Trends on the app come in the form of challenges and hashtags that are usually sprung by a TikTok “star.” Users will then imitate the challenge or add their own spin to it while using the same song, resulting in countless videos using that song.

Because people are drawn to the appeal of the challenges, they inevitably end up looking up the song on platforms like Spotify or iTunes. The challenges go hand in hand with the music, allowing listeners to attach an emotional image that corresponds with the song, which in turn can connect an entire group of people to it.

Because of this new form of music distribution, some artists have changed the way they write their music, hoping to fit the format for new challenges and trends. One apparent change is the length of songs.

Billboard records charts show that from 2013 to 2018 song length has waned by 20 seconds. With TikTok’s growing popularity in the music industry, songs will continue to become shorter and adapt to the new format.

With all these new alterations, songs such as “Drivers License” by Olivia Rodrigo have been able to soar on the charts.

The Daily Aztec explained that since “Drivers License” release date on Jan. 8, over 1.2 million videos have used or promoted the song, including videos by popular creators such as Charli D’Amelio and Austin Sprinz.

In addition to national sensations such as “Drivers License,” TikTok caters to all, allowing almost anyone to become famous.

Independent artist Joe P of Asbury Park, NJ uses TikTok for promotion, covers and sneak peeks of new songs.

After a clip of his song “Leaves” became popular amongst his followers, he released the song onto Spotify along with an acoustic version.

For Joe P, TikTok has made releasing music easier with faster uploads and more reachable audiences.

“Promotion has completely changed, it’s easy, you can upload anything real quick and it can boost your song on Spotify,” Joe P said.

Many listeners are also benefiting from the accessibility of new music that TikTok provides. Junior Nicola DeGregorio of Middletown is one of these listeners.

“Everybody is on TikTok 24/7 so it’s an easy way to find new music without effort,” DeGregorio said.

The concept of “no effort” is constant among TikTok’s improvements.

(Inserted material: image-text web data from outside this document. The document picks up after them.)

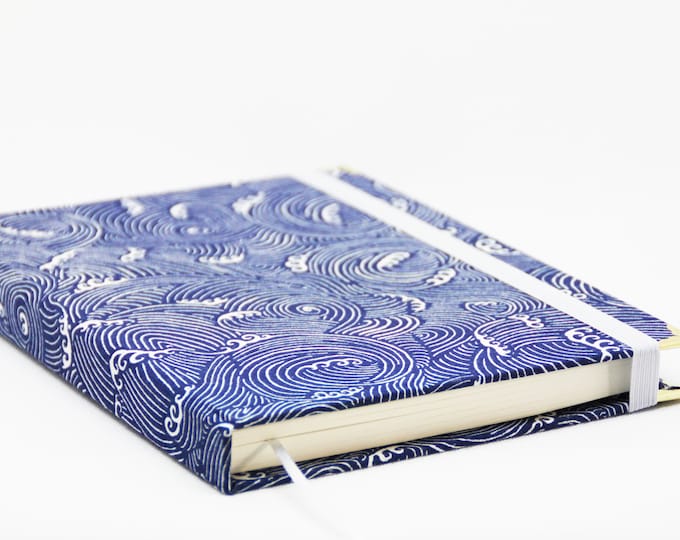 Sketchbook, notebook, diary, waves, sea, A5 notebook, scribble, guestbook, blank, creative sketch book, hardcover book, journal, travel book - Marie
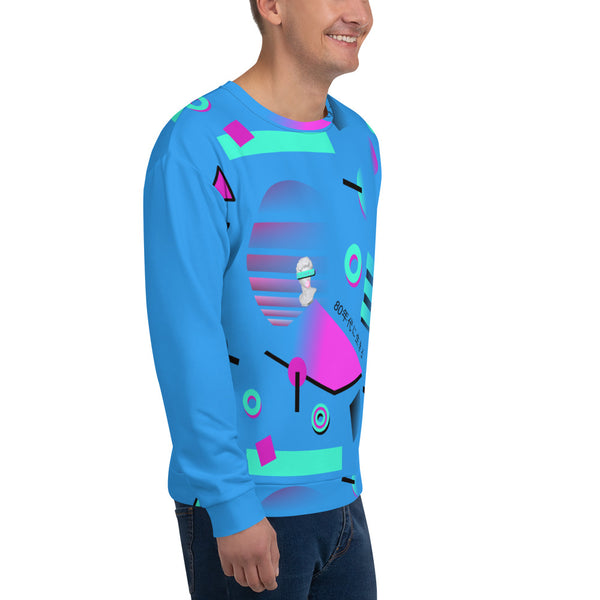 80s Japanese Vaporwave style design featuring a Michaelangelo's David reference, vintage sunset and 80s Memphis style geometric shapes, some in a gradual fade on both sides of this blue sweatshirt by BillingtonPix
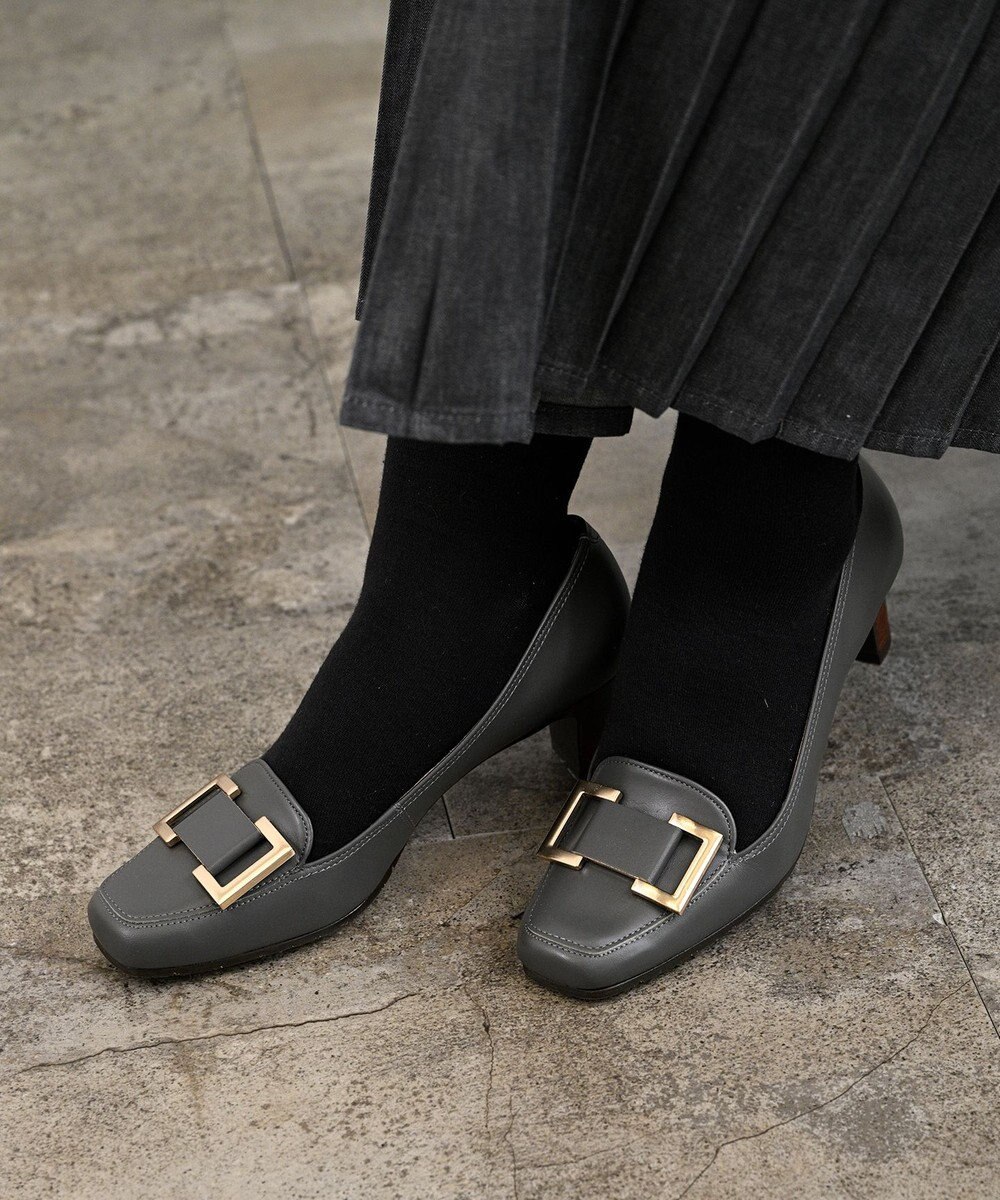 Pointer 日本製 本革バックルパンプス 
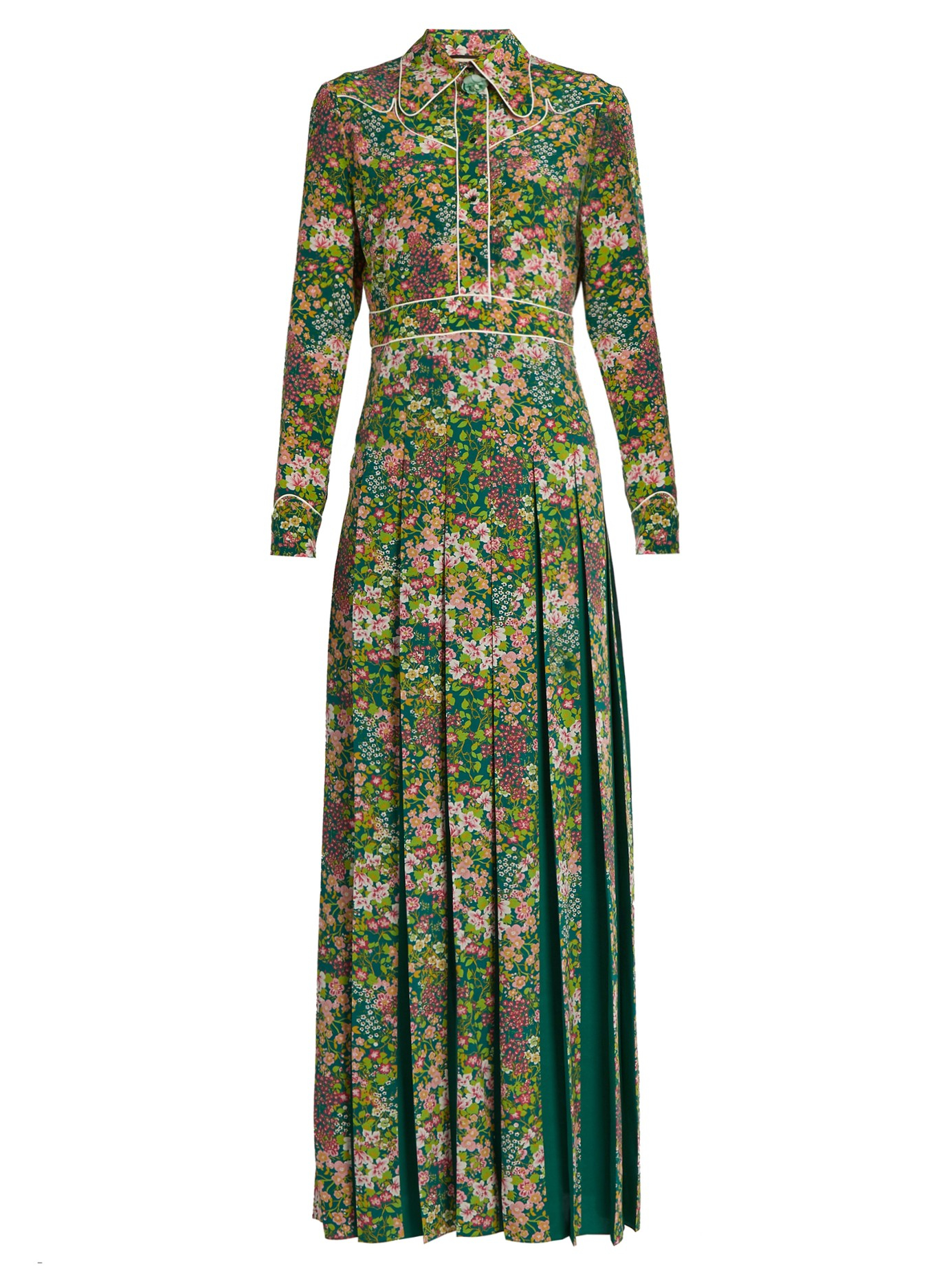 Gucci Printed Silk-twill Maxi Shirt Dress - Women - Green Dresses - L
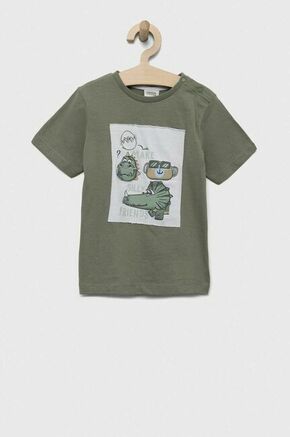 Otroška bombažna majica Birba&amp;Trybeyond zelena barva - zelena. Kratka majica za dojenčka iz kolekcije Birba&amp;Trybeyond. Model izdelan iz pletenine z nalepko. Visokokakovosten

TikTok has improved music consumption and distribution and has also created a platform in which artists can flourish. However, with the banning of TikTok in question, some wonder whether TikTok has influenced the future of the industry enough to change without it.

Even if TikTok was banned in the U.S., it has already altered the music industry, showed a new prototype for creation and promotion, and consequently, has accelerated the progression of all media.